Showing posts with label advertising. Show all posts
Showing posts with label advertising. Show all posts

Wednesday, September 05, 2012

Block by block, piece by piece, some
ad agency got way overpaid for this


If an SEC version of this super dumb Big 12 ad ever got made -- which it won't -- the last shot would be of Nick Saban's lifeless body under a giant "S."

Or, as a commenter on the Saturday Down South website excellently said:
Nick Saban is too busy eating the still-beating hearts of children to care about things like commercials. He has no time for your silly human publicity.

Tuesday, July 24, 2012

Wings to almost die for


I regret that I didn't go to work for big, booming, powerful Channel 9 in Baton Rouge.

If I had, boredom would be something I'd never suffer, being that my people down in Louisiana are not a boring people.
Whack, yes.

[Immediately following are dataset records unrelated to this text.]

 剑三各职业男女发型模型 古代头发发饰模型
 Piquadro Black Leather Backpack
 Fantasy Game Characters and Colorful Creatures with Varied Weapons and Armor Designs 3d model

Dull, no.

Blessed is the reporter who gets to report this story:

Authorities said a woman drove to a Baton Rouge restaurant after she was shot at another location Thursday night.

The East Baton Rouge Parish Sheriff's Office said a woman who was shot on Hyacinth Avenue drove to the Buffalo Wild Wings on Bluebonnet Boulevard.

Deputies were notified around 10:30 p.m.

They said the Baton Rouge Police Department is investigating the shooting.

WELL, they are damned good Buffalo wings. This has ad campaign written all over it -- the woman ought to get free wings for life. However long that might be.

Coming up at 5 and 6 on
WAFB 9 News.

Sunday, July 01, 2012

This used to be news


This weekend before America's birthday, how about we take a minute to reflect on the way things used to be -- and how far we've come in less than half a century?

This story ran in the Aug. 19, 1963 edition of Broadcasting magazine, recounting a bold advertising move made by Lever Brothers. That bold move? Integrated advertising.

In August 1963, when your 51-year-old correspondent was a 2½-year-old child, it was a risky thing for TV commercial for Wisk detergent to feature an African-American Little Leaguer.

We used to call blacks "Negroes" or "colored" then, and that's when we were being polite. And Lever Brothers, the makers of Wisk and other household products, felt the need to send "letters to its six advertising agencies informing them of its decision to 'take affirmative action' in the representation of minority races on TV."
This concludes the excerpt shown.